MCP protocol only (Streamable HTTP /servers/{id}/mcp endpoint):

Target Users Duration Mode Description
make load-test-mcp-protocol 150 2 min Headless MCP-only with reports
make load-test-mcp-protocol-ui 150 2 min Web UI MCP-only with class picker
make load-test-mcp-protocol-heavy 500 5 min Headless Heavy MCP sustained load

Component baselines (individual servers, database, cache):

Target Description
make load-test-baseline Fast Time Server REST API (1000 users, 3 min)
make load-test-baseline-ui Baseline with class picker
make load-test-fasttime Fast Time MCP tools (50 users, 60s)

Configuration

Override defaults via environment variables:

# Custom user count and spawn rate
LOADTEST_USERS=2000 LOADTEST_SPAWN_RATE=100 make load-test-ui

# Custom host (default: http://localhost:8080 via nginx)
LOADTEST_HOST=http://localhost:4444 make load-test-cli

# Limit worker processes (default: auto-detect CPUs)
LOADTEST_PROCESSES=4 make load-test-ui

# Custom run time
LOADTEST_RUN_TIME=10m make load-test-cli

User Classes

The Locust UI provides a class picker to select different user behavior profiles:

User Class Weight Description
HealthCheckUser 5 Health endpoint only
ReadOnlyAPIUser 30 GET endpoints (tools, servers, etc.)
AdminUIUser 10 Admin dashboard pages
MCPJsonRpcUser 15 MCP JSON-RPC protocol
WriteAPIUser 5 POST/PUT/DELETE operations
StressTestUser 1 High-frequency requests
FastTimeUser 20 Fast Time MCP server
RealisticUser 10 Mixed realistic workload
HighThroughputUser - Maximum RPS (separate file)

High-Concurrency Testing (4000+ Users)

For testing with 4000+ concurrent users:

  1. Tune the OS first:

    sudo scripts/tune-loadtest.sh
    

  2. Ensure limits are set:

    ulimit -n   # Should be 65536
    ulimit -u   # Should be 65536
    

  3. Run the load test:

    make load-test-ui
    

  4. Monitor during test:

    # In separate terminals:
    watch -n1 'ss -s'           # Socket statistics
    docker stats                # Container resources
    

Locust Files

File Purpose
tests/loadtest/locustfile.py Main locustfile — all endpoints, 20+ user classes
tests/loadtest/locustfile_mcp_protocol.py MCP Streamable HTTP protocol only — 6 user classes
tests/loadtest/locustfile_highthroughput.py Fast endpoints only — optimized for maximum RPS
tests/loadtest/locustfile_baseline.py Component baselines — REST, MCP direct, PostgreSQL, Redis
tests/loadtest/locustfile_spin_detector.py CPU spin loop detection (escalating waves)
tests/loadtest/locustfile_slow_time_server.py Timeout / circuit breaker testing

Performance Tips

  • Start small: Test with 100-500 users first to identify bottlenecks
  • Scale gradually: Increase users in steps (500 → 1000 → 2000 → 4000)
  • Monitor errors: High error rates indicate server saturation
  • Check p95/p99: Tail latency matters more than average
  • Use constant_throughput: For predictable RPS instead of random waits
  • Nginx caching: Admin pages use 5s TTL caching by default (see Nginx Tuning)

📦 Test Data Generation

Before running load tests against a realistic dataset, populate the database with synthetic data.
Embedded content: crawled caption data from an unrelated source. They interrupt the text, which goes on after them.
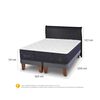 Cama Europea CIC Base Dividida 2 Plazas Grand Premium + Respaldo Miro Negro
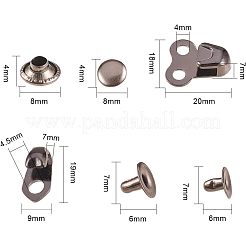Крючки шнурка сплава ботинка&nbsp;PALLOY-NB0001-12B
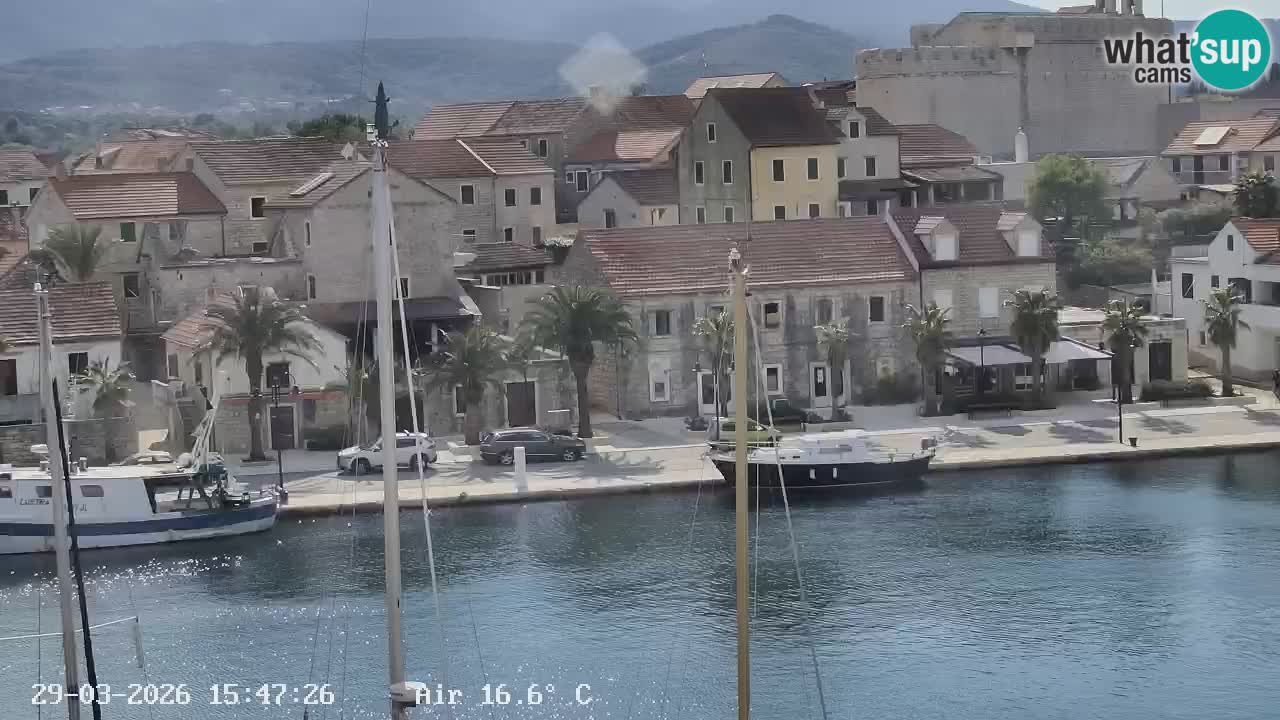 Webcam Hvar Vrboska marina | Dalmazia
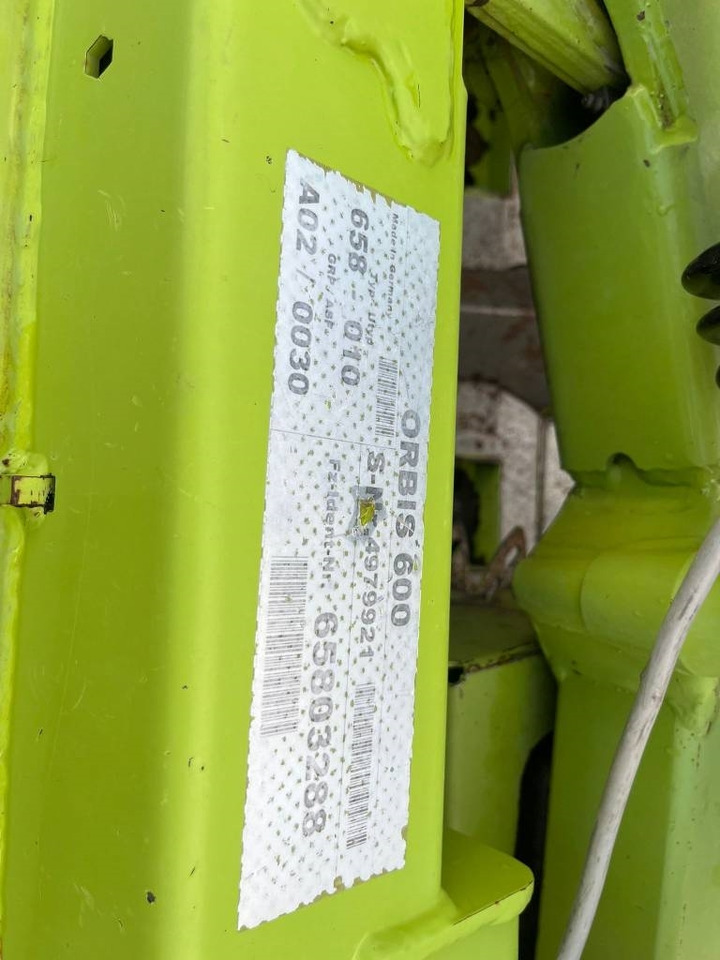 Claas Orbis 600 - Техніка для сінозаготівлі: фото 4 Claas Orbis 600 - Техніка для сінозаготівлі: фото 4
The tests/load/ framework generates production-scale data across 29 entity types (users, teams, tools, servers, metrics, sessions, etc.).

Quick Start

# Generate small dataset (100 users, ~74K records, <1 minute)
make generate-small

# Generate medium dataset (10K users, ~70M records, ~10 min, needs PostgreSQL)
make generate-medium

# View generated data report
make generate-report

Profiles

Profile Users Records Time Database Command
Small 100 ~74K <1 min SQLite OK make generate-small
Medium 10K ~70M ~10 min PostgreSQL make generate-medium
Large 100K ~700M ~1-2 hrs PostgreSQL make generate-large
Massive 1M ~7B ~10-20 hrs PostgreSQL + high-end make generate-massive

Why it matters for load testing: Many performance bottlenecks (N+1 queries, sequential scans, pagination overhead) only manifest with realistic data volumes. Testing with an empty database hides these issues.

For full documentation, configuration options, and custom profiles, see tests/load/README.md.
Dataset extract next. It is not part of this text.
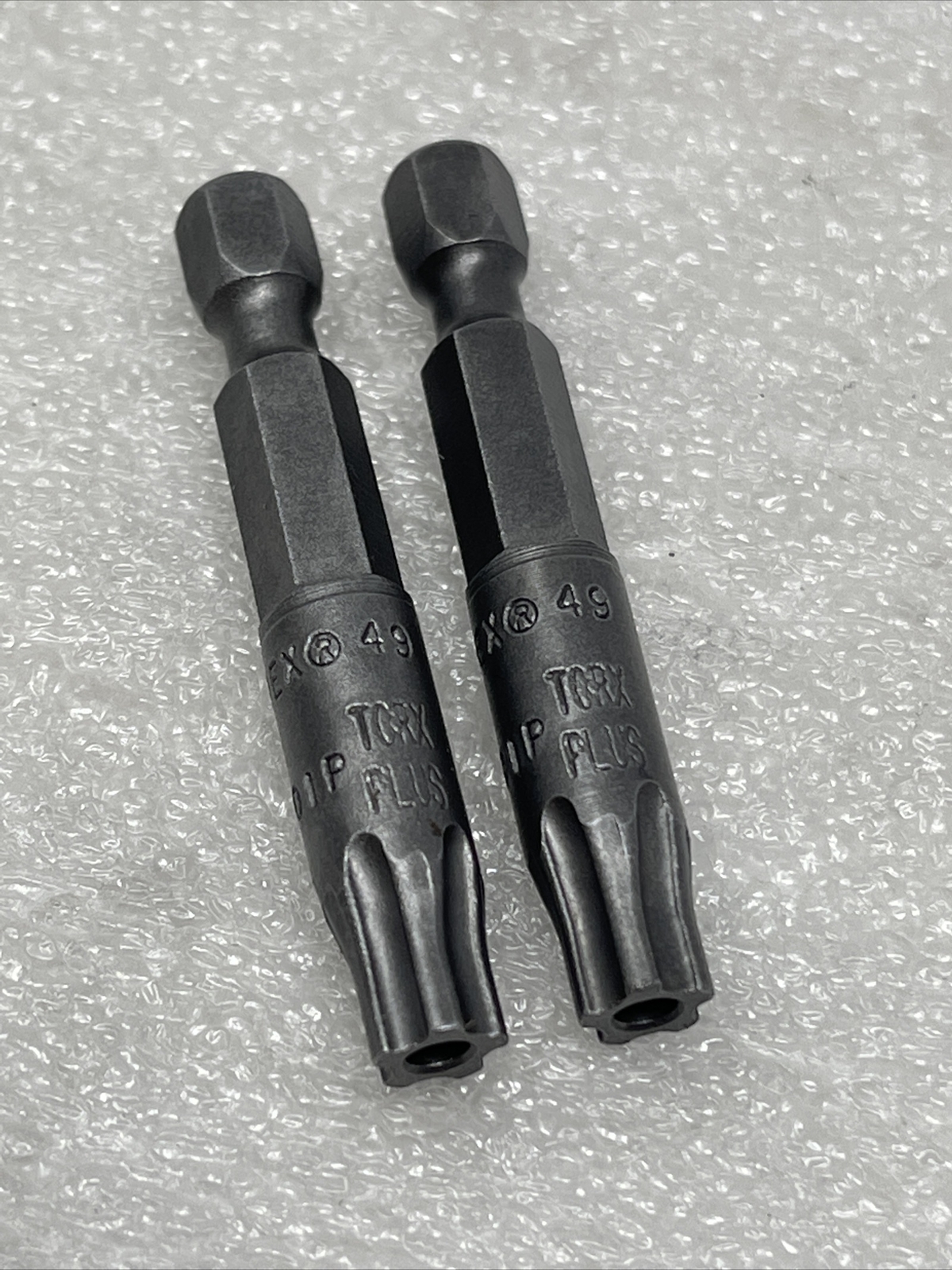 #40 Torx Tamper Insert Bits, 1/4” Hex Drive, USA, Apex 49-40IPRX, Lot Of (2) gallery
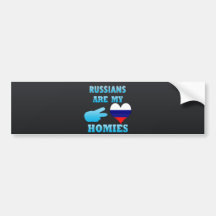 Les Russes sont mon Homies Autocollants Pour Voiture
🔌 MCP Protocol Load Testing

The MCP Streamable HTTP endpoint (/servers/{id}/mcp) has different performance characteristics than the REST API. A dedicated load test isolates MCP protocol overhead from other endpoints.

Quick Start

# MCP protocol test (150 users, 2 min, headless with reports)
make load-test-mcp-protocol

# MCP protocol test with Web UI (class picker to select user types)
make load-test-mcp-protocol-ui

# Heavy MCP test (500 users, 5 min)
make load-test-mcp-protocol-heavy

What It Tests

The MCP protocol load test (locustfile_mcp_protocol.py) sends JSON-RPC requests exclusively to /servers/{server_id}/mcp. It auto-detects a virtual server with the most tools and discovers available tools, resources, and prompts via MCP protocol at startup.
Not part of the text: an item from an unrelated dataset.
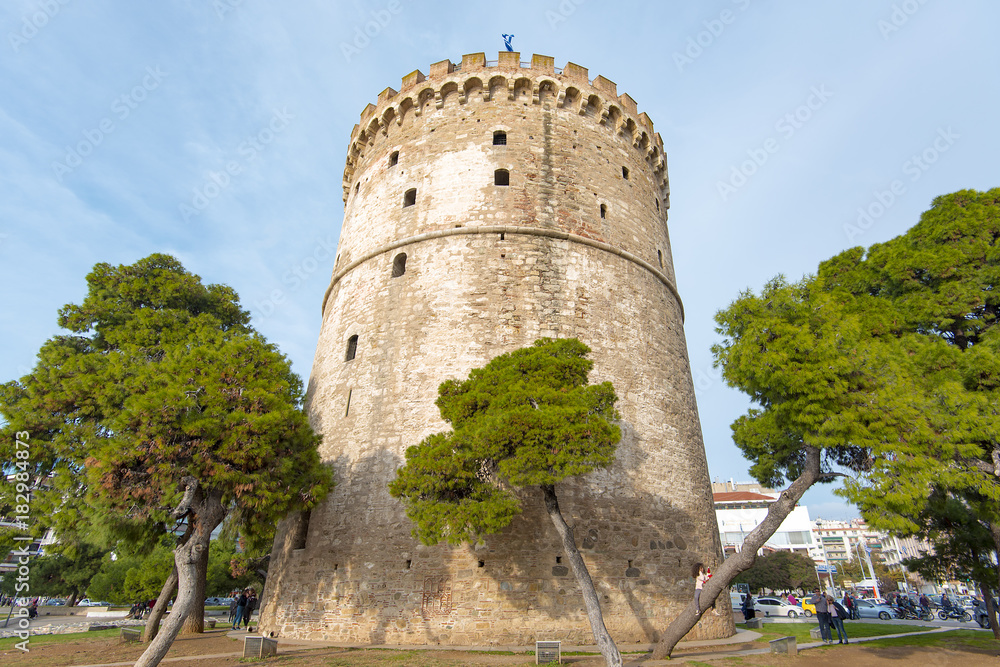 Thessaloniki, Greece, White Tower symbol of the City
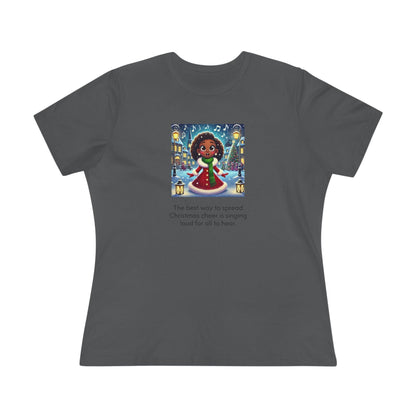 Caroler - Christmas Cheer - Younger BH Girl - Women's Tee - Whippie's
User Classes (selectable via --class-picker in Web UI):

User Class Weight Simulates
MCPAgentUser 10 Realistic AI agent with up to 6 tools — init, discover, call 1-3 tools per turn
MCPToolCallerUser 5 Heavy tools/call in tight loop
MCPDiscoveryUser 3 Discovery-heavy — tools/list, resources/list, prompts/list, templates
MCPSessionChurnUser 2 New MCP session every cycle (serverless worst-case)
MCPStressUser 1 constant_throughput(5) for predictable sustained load
RESTBaselineUser 0 /rpc + REST comparison baseline (opt-in via class picker)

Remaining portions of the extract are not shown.